In 2014, he entered the Limca Book of Records for completing the Leh to Kanyakumari (3,921 kms) cycling challenge in 15 days and 17 hours amid snow and rain and bouts of acute mountain sickness.
His next mission was RAAM. He had earlier attempted it in 2016. However, after 3,000 kms, Gokulnath had to give up. “I had not focussed on strategy. I had not factored in the intensity of the race,” he said.
But his determination to complete this event only grew. He hired a coach, the 2011 RAAM’s ‘rookie of the year’ Alberto Blanco, and put together a veritable crew, including his wife Prafulla, a doctor, to train him.
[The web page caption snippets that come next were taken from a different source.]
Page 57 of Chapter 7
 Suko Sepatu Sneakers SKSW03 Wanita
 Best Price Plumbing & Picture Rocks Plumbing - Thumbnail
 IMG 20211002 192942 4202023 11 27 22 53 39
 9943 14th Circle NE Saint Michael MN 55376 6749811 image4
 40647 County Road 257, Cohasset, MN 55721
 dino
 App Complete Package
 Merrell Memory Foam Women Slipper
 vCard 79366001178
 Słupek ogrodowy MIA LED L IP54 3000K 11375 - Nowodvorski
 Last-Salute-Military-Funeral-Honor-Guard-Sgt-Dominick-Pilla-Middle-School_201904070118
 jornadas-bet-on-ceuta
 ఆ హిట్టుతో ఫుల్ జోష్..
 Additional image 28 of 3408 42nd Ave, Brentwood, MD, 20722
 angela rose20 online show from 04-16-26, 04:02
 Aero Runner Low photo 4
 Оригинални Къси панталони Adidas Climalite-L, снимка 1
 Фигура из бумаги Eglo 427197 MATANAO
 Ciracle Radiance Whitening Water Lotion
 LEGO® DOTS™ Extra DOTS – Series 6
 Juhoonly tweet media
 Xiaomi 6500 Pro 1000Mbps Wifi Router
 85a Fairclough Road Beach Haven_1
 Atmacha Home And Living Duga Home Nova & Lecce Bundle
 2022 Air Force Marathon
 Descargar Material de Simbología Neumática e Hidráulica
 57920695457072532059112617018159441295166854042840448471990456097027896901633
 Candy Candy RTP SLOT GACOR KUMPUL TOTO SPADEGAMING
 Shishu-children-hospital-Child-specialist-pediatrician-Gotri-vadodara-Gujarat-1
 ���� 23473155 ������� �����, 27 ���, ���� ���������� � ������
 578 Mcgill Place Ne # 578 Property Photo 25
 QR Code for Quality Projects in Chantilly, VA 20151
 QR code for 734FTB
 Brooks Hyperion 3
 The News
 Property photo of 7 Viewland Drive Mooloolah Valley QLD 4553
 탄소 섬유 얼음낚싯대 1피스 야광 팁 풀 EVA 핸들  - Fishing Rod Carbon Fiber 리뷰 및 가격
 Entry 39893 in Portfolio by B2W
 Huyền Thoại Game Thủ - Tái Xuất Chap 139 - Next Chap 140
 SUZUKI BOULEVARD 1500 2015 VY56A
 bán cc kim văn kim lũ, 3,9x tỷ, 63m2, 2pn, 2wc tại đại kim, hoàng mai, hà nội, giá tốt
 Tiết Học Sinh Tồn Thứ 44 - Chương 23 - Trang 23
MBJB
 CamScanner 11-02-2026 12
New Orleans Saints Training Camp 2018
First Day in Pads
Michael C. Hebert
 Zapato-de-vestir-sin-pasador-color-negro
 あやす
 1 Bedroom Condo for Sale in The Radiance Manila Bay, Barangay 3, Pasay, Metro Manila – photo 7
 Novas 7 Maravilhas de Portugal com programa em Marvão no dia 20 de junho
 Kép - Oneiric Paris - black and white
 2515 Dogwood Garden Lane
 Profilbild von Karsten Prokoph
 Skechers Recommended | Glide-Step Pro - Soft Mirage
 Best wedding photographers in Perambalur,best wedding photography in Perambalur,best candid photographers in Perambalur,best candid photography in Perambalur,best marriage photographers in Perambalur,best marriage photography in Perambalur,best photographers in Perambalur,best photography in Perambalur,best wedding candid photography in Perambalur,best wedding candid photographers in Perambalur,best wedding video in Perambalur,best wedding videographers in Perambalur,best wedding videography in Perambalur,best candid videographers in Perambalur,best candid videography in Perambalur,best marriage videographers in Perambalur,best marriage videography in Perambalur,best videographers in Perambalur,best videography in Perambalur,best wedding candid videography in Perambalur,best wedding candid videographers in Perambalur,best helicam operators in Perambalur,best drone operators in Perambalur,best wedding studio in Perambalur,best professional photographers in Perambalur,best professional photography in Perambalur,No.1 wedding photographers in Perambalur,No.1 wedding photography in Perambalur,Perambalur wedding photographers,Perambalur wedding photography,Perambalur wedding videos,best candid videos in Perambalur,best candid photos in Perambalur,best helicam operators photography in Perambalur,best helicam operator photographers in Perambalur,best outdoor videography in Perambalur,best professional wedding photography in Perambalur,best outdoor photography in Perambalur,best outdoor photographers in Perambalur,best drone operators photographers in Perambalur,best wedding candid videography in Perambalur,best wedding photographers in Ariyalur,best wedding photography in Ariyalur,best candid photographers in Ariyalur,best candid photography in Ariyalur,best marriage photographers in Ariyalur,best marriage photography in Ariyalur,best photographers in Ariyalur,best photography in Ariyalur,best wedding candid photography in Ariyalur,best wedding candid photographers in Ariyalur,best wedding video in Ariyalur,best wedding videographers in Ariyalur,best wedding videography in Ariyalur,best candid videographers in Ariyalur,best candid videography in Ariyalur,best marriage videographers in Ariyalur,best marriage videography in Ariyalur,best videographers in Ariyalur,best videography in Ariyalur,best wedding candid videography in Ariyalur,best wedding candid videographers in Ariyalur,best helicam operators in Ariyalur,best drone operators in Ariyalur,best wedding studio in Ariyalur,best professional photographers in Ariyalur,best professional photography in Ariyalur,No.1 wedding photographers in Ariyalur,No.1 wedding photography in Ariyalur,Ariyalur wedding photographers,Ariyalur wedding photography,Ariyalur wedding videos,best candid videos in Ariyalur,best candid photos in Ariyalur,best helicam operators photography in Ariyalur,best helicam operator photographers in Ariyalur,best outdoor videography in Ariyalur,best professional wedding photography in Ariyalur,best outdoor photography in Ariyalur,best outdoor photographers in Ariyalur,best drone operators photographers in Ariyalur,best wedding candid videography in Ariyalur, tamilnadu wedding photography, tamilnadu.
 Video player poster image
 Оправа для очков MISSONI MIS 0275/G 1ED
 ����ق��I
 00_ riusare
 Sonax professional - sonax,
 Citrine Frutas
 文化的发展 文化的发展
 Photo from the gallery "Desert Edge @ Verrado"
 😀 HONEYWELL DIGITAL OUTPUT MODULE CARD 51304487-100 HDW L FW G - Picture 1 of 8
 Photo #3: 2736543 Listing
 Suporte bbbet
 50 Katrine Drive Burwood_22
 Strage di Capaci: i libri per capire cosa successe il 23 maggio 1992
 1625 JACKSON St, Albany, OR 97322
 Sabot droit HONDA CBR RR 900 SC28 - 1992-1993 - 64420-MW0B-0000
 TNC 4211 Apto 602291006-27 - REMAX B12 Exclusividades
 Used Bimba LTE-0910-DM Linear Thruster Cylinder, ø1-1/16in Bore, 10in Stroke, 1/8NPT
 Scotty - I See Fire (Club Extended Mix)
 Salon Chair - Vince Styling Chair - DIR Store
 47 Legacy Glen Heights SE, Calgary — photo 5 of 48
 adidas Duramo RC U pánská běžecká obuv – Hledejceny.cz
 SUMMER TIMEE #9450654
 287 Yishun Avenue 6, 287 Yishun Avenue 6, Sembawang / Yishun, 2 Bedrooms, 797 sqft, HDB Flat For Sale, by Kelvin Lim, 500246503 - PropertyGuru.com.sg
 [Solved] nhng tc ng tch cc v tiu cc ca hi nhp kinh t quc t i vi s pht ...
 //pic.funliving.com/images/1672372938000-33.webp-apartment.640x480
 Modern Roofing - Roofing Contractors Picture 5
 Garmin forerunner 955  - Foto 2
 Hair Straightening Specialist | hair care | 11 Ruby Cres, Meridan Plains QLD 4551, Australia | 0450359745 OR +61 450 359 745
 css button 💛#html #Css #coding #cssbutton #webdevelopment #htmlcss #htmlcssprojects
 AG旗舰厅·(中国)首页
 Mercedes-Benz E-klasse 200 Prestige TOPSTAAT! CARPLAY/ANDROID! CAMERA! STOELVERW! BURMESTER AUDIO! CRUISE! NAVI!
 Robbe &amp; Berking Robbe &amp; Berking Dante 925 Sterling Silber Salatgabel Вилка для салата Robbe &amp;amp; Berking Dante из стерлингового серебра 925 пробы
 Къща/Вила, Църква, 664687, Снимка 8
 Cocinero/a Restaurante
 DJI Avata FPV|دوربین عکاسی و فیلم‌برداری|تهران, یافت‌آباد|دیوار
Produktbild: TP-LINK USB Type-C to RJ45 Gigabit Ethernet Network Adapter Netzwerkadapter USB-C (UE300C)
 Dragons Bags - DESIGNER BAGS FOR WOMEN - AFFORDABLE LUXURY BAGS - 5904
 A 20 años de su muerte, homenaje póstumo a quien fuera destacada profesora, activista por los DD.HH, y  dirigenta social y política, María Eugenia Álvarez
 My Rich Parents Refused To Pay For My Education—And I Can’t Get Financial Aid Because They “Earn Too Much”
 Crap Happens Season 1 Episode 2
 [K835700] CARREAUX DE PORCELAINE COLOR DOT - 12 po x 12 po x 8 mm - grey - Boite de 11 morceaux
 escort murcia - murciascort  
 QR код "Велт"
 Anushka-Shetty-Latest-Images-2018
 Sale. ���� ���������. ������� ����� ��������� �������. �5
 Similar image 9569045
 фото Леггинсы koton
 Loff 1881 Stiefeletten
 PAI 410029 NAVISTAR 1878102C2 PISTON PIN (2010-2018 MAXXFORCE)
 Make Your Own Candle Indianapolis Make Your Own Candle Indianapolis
Gokulnath decided to work on a budget of Rs. 15 lakh, which he borrowed from friends and family.
RAAM 2017 was upon Gokulnath before he knew it. He decided to adopt the ‘bit-by-bit’ strategy. He kept an eye on the clock at all times.
“The biggest challenge was to never take my focus off the race and staying rooted in the present and positive at all times,” he added.
His 11-member crew were split between a mini-van and a car. The teams took turns to follow him, providing him with liquids, food and technical help. Gokulnath says that he might have consumed 8,000 calories of a largely liquid diet and slept only three hours a day either in the mini-van or at a highway motel room. The rest of the time, of course, he was on the saddle.
He admits feeling completely ‘knocked down’ several times during the 11-day race. “There were times when I felt I was done with the race. If you succumb to this feeling, you are finished. You just need to believe you can do it. This strategy works wonders,” he further added.
The landscape was magnificent, he recalls. “I became one with nature. The Wolf Creek in the Colorado mountains was particularly scenic, so were the Appalachian mountains in the last leg of the race. Of course, one is physically exhausted when you reach the mountains and the climbs can get challenging,” he said.
Gokulnath finished the challenge well in time—in 11 days 18 hours and 45 minutes—becoming the first Indian solo cyclist to complete it, followed three hours later by Amit Samarth, a doctor from Nagpur. So far, four Indians have attempted to complete the race in the solo category. Now Gokulnath is keen to travel across India and speak about his experience especially to the cycling fraternity.
“I want to tell cyclists in our country that if I could complete the RAAM, so can they,” he added.